“Yes.”
“You need to put antiseptic on it, then a bandage. When am I supposed to take another pill?”
She looked at the packet. “It’s two to start, then one a day for four more days.”
When she finished taking care of the wound, he lay back with a soft grunt.
“Sorry,” he muttered.
“You have nothing to be sorry for.”
“Getting caught.”
She made a dismissive sound. “There was no way to know he had a roommate who would be coming home.”
“Should have checked the other bedroom.”
She would have protested, but sapping his strength by getting into an argument was a dumb idea. If anyone should be sorry, it was her. For dragging him into this in the first place.
“Give me your gun before you go to sleep,” she said.
“You know how to use it?”
“Yes. My dad thought that knowing how to use a weapon correctly was an important skill.”
Zane upholstered the weapon, and she took it with her as she made another trip around the boat, dousing the few lights she’d turned on.
Returning, she pushed back the curtain that closed off his room and secured it with the tieback. He was still shivering, and she found blankets in the drawers under the bunk and laid them over him.
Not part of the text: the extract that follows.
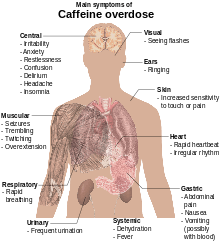 Torso of a young man with overlaid text of main side-effects of caffeine overdose.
“Thanks,” he murmured without opening his eyes. She longed to get in bed with him and lend him her warmth. But the surface was small and she didn’t want to crowd him.
Instead she opened the curtain on her own cabin so she could see him. Really, they were only a few yards away, and she’d be able to get to him quickly if he needed her.
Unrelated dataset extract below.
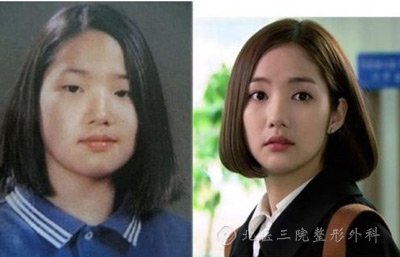 韩国整容失败女星_整形手术明星案例_韩国明星整容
She thought she should stay awake, but that was impossible. Despite the unease she was feeling, she dropped off quickly—only to awaken, she wasn’t sure how much later, feeling disoriented. It took only a moment to remember she was on the boat Zane had rented, and he’d been shot.
That reality was brought home when she heard him moan. Leaping out of bed, she crossed the companionway and hurried to his side. In the dim illumination that came in from the overhead lights on the dock, she could tell he was lying on the bunk with his eyes closed. His head was rolling from side to side, and he was saying something. It sounded like “Taranis, Epona, Cerridwen,”
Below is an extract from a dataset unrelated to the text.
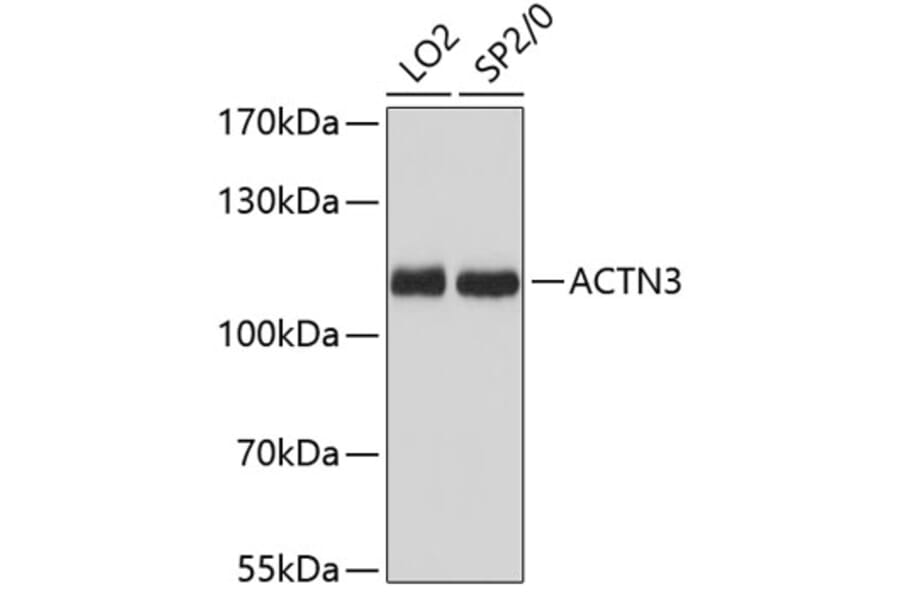 Western Blot - Anti-ACTN3 Antibody (A87751) - Antibodies.com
The words were strange, not English. They might have been some kind of otherworldly chant, and they gave her a shivery feeling.
“Zane?” she whispered.
He didn’t seem to hear her, and the strange syllables coming out of his mouth grated along her nerve endings. It was too dark to see him clearly, but did his face look somehow different? Were the contours changing? To what? Oh Lord, what was happening?